Late 2001 - early 2002:
Like others, GEPHARDT hears the grapevine buzz about Iraq in DC corridors of power.
As Wes Clark often recalls, the Pentagon laugh line was "If Saddam didn't attack us, he should have, because we're going to take him out anyway".
GEPHARDT to BUSH: You have my support if it's about Weapons of Mass Destruction -- but not if it's about Saddam. "If it's about Saddam there are 30 countries we need to invade tomorrow morning."
GEPHARDT to BUSH: The US can't go into this alone. If it's done, it has to be done multilaterally -- with regional partners, NATO, the UN.
[Recall speculation in this interval to the effect that Bush could and would take the US into Iraq without international partners -- and even without action by Congress.]

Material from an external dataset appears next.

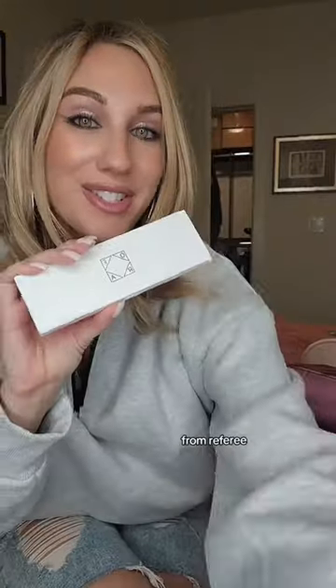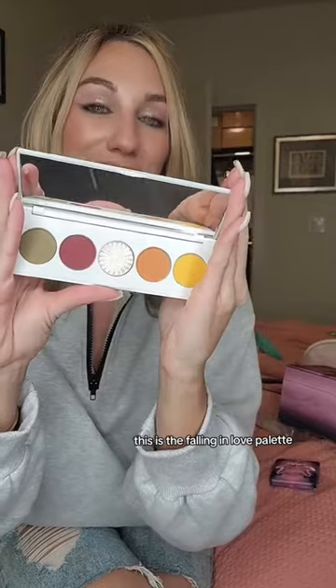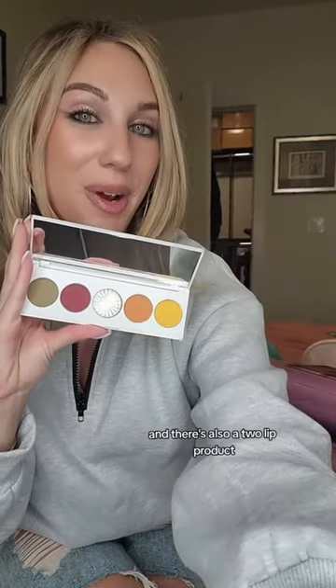Look at this cool packaging from Nomad Cosmetics — this is their Ghost Town palette. Harley Dawson did a collaboration with Ofra Cosmetics for fall. This is the Falling in Love palette, and there's also a two lip product.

BUSH to GEPHARDT: "Dick, I'm gonna do what you've been talking about", i.e., premise the case for invasion on Saddam's WMD threat Weapons of Mass Destruction.

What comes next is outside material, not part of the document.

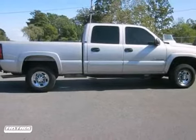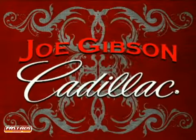Come on out and take this Chevrolet for a test drive. Come in today and experience our no pressure sales philosophy.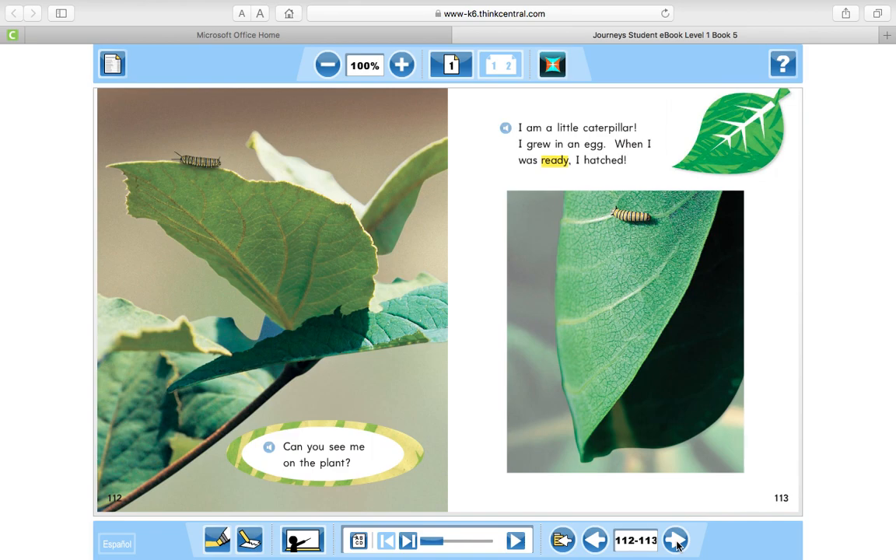Can you see me on the plant? I am a little caterpillar. I grew in an egg. When I was ready, I hatched.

[History may have turned on this exchange.
Insiders later hinted that WMD wasn't (variously) the central, sole, or real reason for invading Iraq, that it was agreed among the principals as a politically plausible casus belli.
Deputy SecDef Paul Paul Wolfowitz, 2003-05-09 " ... for reasons that have a lot to do with the U.S. government bureaucracy we settled on the one issue that everyone could agree on which was weapons of mass destruction as the core reason ...".]
CIA HQ, as all parties prepare for debate in Congress:
GEPHARDT: "George, do you believe?" [in the WMD thesis]
DCI TENET: "Absolutely."
2002-10-02, the White House Rose Garden:
GEPHARDT: "In response to the President's desire for congressional support and, in keeping with our constitutional responsibilities, I have worked to draft a resolution that reflects the views of a large bipartisan segment of Congress. My underlying goal in this process has been to ensure that Iraq is disarmed, and to lessen the likelihood that weapons of mass destruction can be passed to terrorists."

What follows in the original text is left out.